差表(さしおもて)・差裏(さしうら)…刃を上にして打刀(うちがたな)を腰に差した際、外側になる面を差おもて(さしおもて)、体側になる面を差裏(さしうら)という。

【拵え(こしらえ)】
刀身を保護し、身につけて使うのに欠かせない外装(刀装)。長寸では太刀拵・打刀拵、短寸では合口拵・腰刀拵・小さ刀拵などがある。

【鎧(よろい)】
戦闘の際に装着者の身体を矢や剣などの武器による攻撃から防護する衣類・武具のこと。重要な臓器のある胴や胸の部分を守るのが主な目的である。兜(かぶと)や他の防具とセットで用いられ、あわせて甲冑とも呼ばれる。
【兜(かぶと)】打撃・斬撃や飛来・落下物などから頭部を守るための防具。鎧(よろい)や他の具足とセットで用いられ、あわせて甲冑(かっちゅう)とも呼ばれる。

【火縄銃(ひなわじゅう)】
旧式銃のひとつ。筒の先端から黒色火薬と弾丸を込め、火皿に盛った起爆薬(口薬/くちぐすり)に火縄で点火して発射するもの。
火皿を覆う火蓋(ひぶた)という安全装置があり、点火は引き金の操作で行う。

【刀掛け】
刀を安定した状態で飾るため、あるいは一時的に保管するための道具。
一本掛け・二本掛け・三本掛けがあり、また短刀のみを飾る短刀掛けもある。

【模擬刀(もぎとう)】
日本刀を模して作成された用具のこと。
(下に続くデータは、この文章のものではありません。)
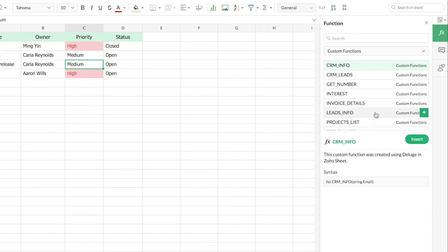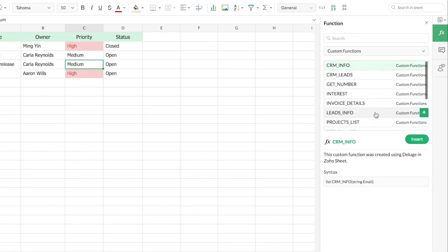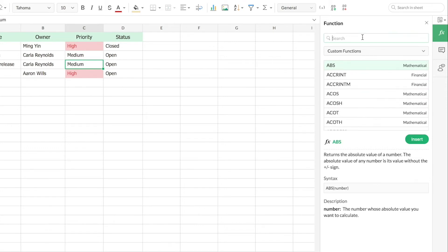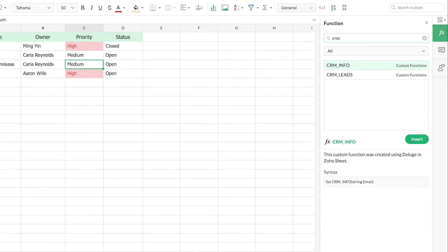That will give you the list of all those custom functions that you had created across spreadsheets. Or you can use this search bar to search for those functions you have created. That will give you the function's name, the description, and the syntax so your collaborators can also easily know how to use this function.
模造刀とも別称されるが、厳密には銃砲刀剣類所持等取締法(銃刀法)に規定された模造刀剣類に定義される物の一部である。
抜刀術や居合道の修練用のものから床の間の飾りまである。真剣と違い刃物ではないため、所持許可証や登録証を必要としない。

【古刀(ことう)】
文禄(ぶんろく)末年・慶長(けいちょう)初年(1596年)を境として、文禄以前に製作された刀剣類のことをいう。
【新刀(しんとう)】
文禄(ぶんろく)末年・慶長(けいちょう)初年(1596年)を境として、慶長以降に製作された刀剣類のことをいう。
【新々刀(しんしんとう)】
慶長年間(1596年~1615年)以降に製作された新刀の内、特に明和年間(1764年~1772年)以降に製作された刀剣類のことをいう。

【現代刀(げんだいとう)】
第二次世界大戦の後、昭和29年(1954年)より文化庁の製作承認を受け、日本古来の伝統的な鍛法により製作された刀剣類のことをいう。